The goal stays fixed: move “incredibly local fresh farm produce” directly to plates and into homes. In Healdsburg, shoppers — local or visiting — can shop "bounty style" (in Maingard's words) for hotel rooms, Airbnbs, and elsewhere abodes.
Maingard said the farm uses regenerative practices and human labor. Workers are mostly local. Crews manage soil health and habitat while facing threats—gophers tunneling, squirrels tearing through the "oasis of produce," nibbling just enough to render produce unsellable. Fabric covers protect some crops. Predatory birds handle others.
What grows changes. In May, the fields straddle seasons: scallions, turnips, rainbow carrots, pak choi, red russian kale, lettuce, brocollini.
Little Saint opened in 2022 in the former Shed restaurant, still marked by a neon Grange sign, as a plant-based restaurant, coffee bar, wine lounge, cocktail bar, and event venue with a farm-forward collaboration.
The farm on Westside Road now grows more than 300 varieties of fruits, vegetables, flowers, and herbs, a transformation that began after vineyard rows were removed six years ago and replaced with vegetable beds.

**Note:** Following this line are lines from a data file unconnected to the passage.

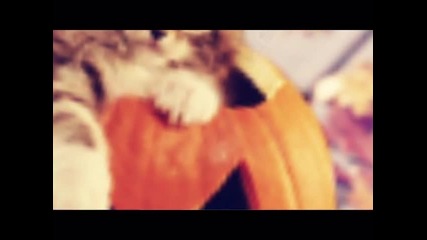 Сладки котенца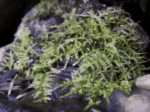 Lanky Moss 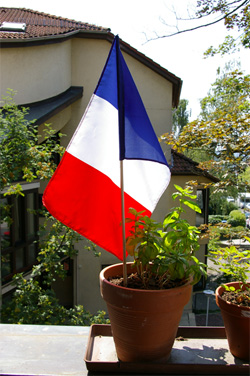 Un drapeau français planté dans mon basilic
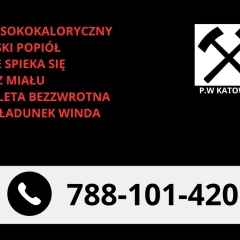 Polski Węgiel Groszek Certyfikowany PIAST (WOLA) 26-28 MJ - BEZPŁATNA DOSTAWA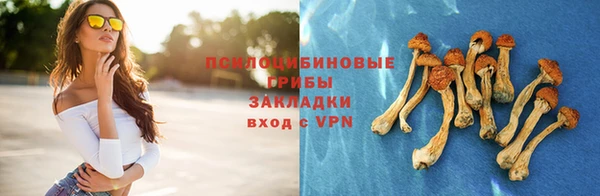 амф Заволжск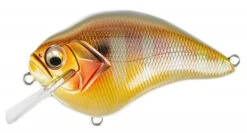 Megabass S Crank 1.2 Shallow Squarebill Crankbait -Fishing Sports Shop s crank pm gill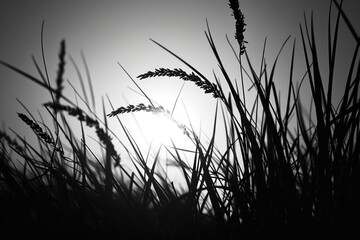 A black and white photo showcasing tall grass. Suitable for nature and landscape themes - Powered by Adobe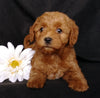 Mini F1B Labradoodle For Sale Millersburg, OH Female- Macy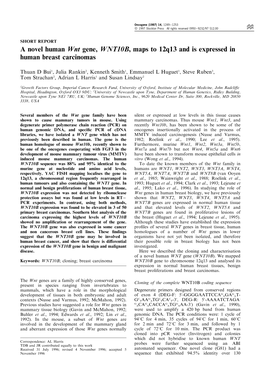 A Novel Human Wnt Gene, WNT10B, Maps to 12Q13 and Is Expressed in Human Breast Carcinomas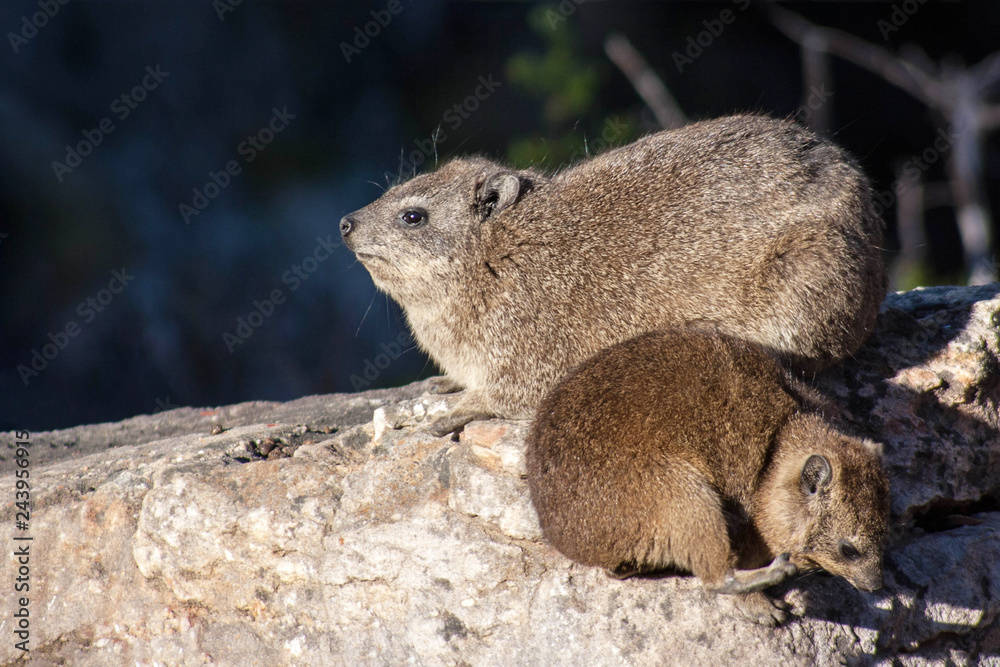 Hyrax basking in the sun, also known as dassie in Southern Africa Hyrax basking in the sun, also known as dassie in Southern Africa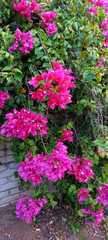 Bougainvillea
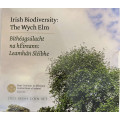 Irlanda euro set BU 2025 - Biodiversità - l'olmo montano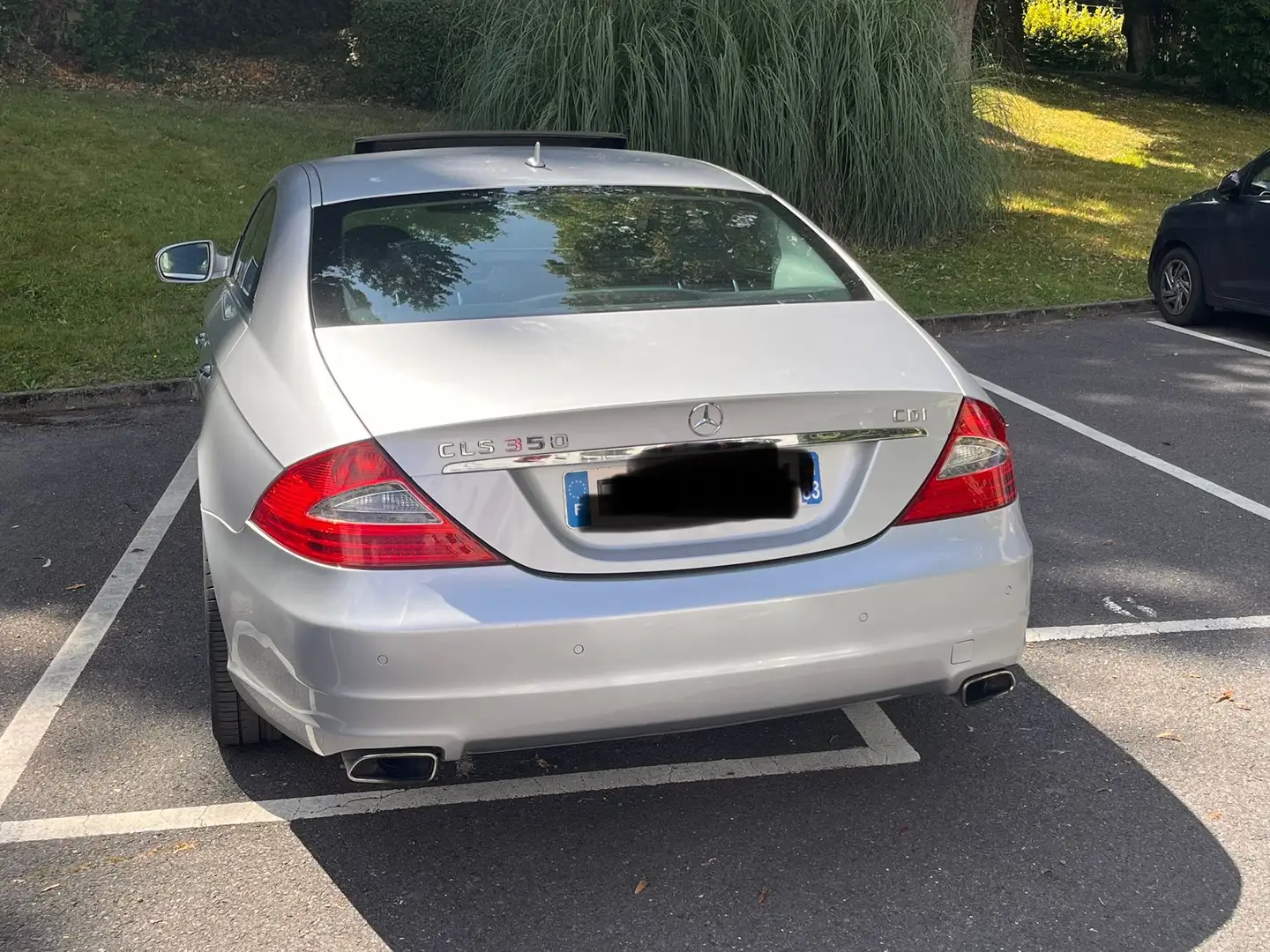 Mercedes-Benz 350 350-CDI Gris - 2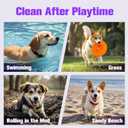 Dog Ear Wipes,Gently Remove Ear Wax & Dirt,Relieve Ear Itching Fresh Coconut Scent, All Natural Ingredients Dog Ear Cleaning Wipes - 50 Count (1.6'' 50pcs Purple)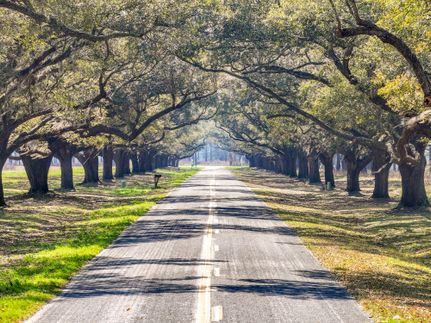 Ranch Property for sale in Allendale County, South Carolina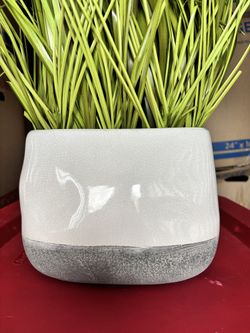 Grass Plant with White & Concrete Planter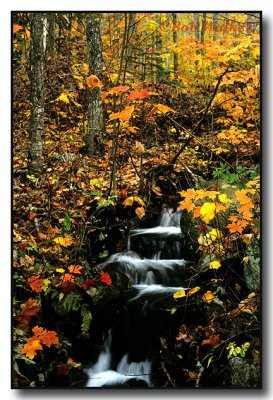 A Little Mountain Falls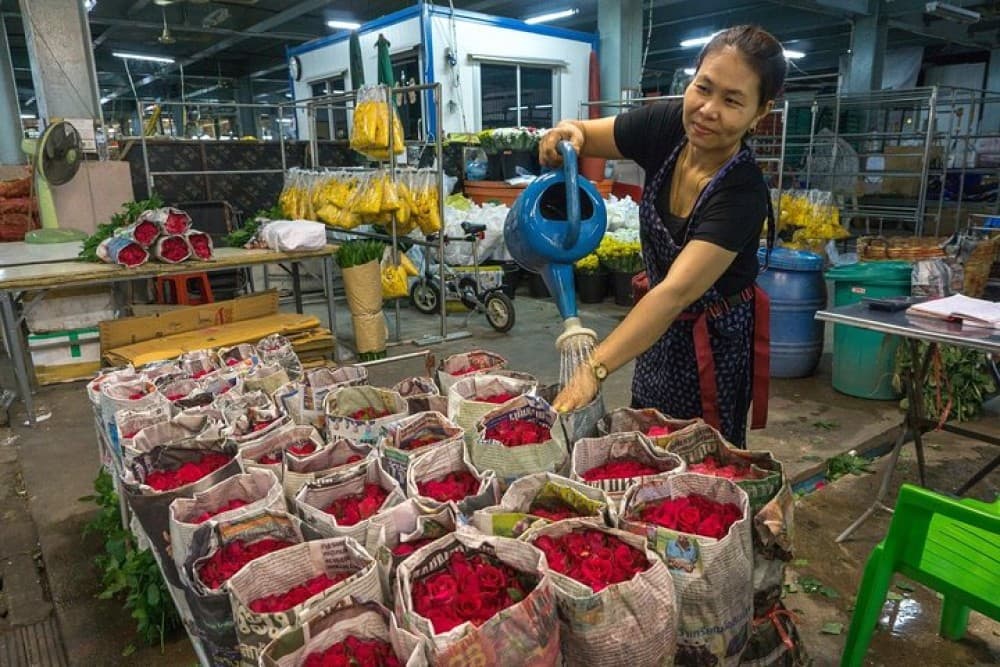 Experience Typical Thailand at Night including Streetfood | ®ExcursionMania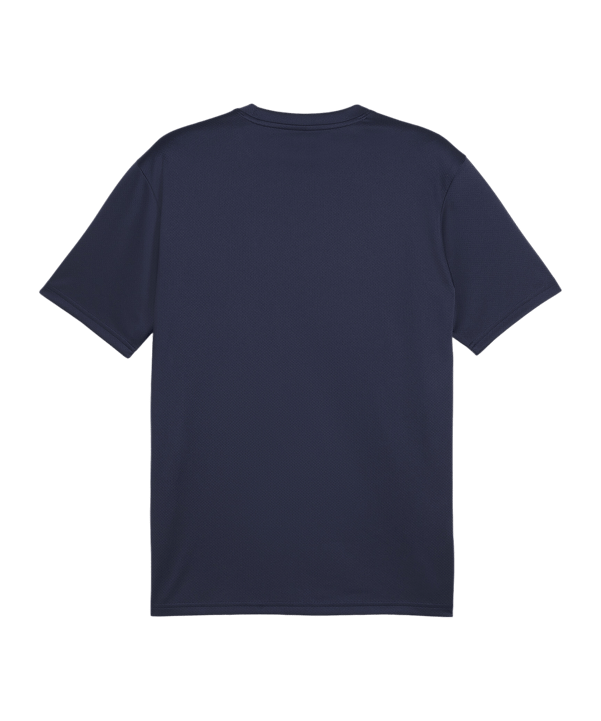 PUMA teamGOAL Trikot Blau F06 - dunkelblau
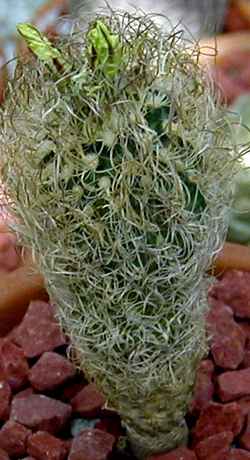 (Turbinicarpus pseudomacrochele ssp. minimus )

The CSA follows years of adjustments for the partners —music, member nights, and menus. Maingard said setting up 8-foot tables on the patio gives more opportunities to connect with people in Healdsburg.
The patio-side CSA also serves as a strategic access point, making the restaurant more visible — a "cave of wonders” with magic inside. (They will continue to participate in the Healdsburg Farmers' Market, now next door at the new Foley Family Community Pavilion.)
The produce also brings people closer to the farm itself, Maingard said. Members will get tours, occasional on-site pickups, and u-pick access—steps designed to close what she called the “gap in the points of connection.”
Photo courtesy of Nicola Parisi
In addition to a produce CSA, Little Saint also launched a wine-focused Cellar Club and cottages set just footsteps from the restaurant.
The next step takes Little Saint to a national audience. The restaurant will serve as a backdrop for Climate Kitchen, a new public media series led by Maggie Baird in partnership with WETA.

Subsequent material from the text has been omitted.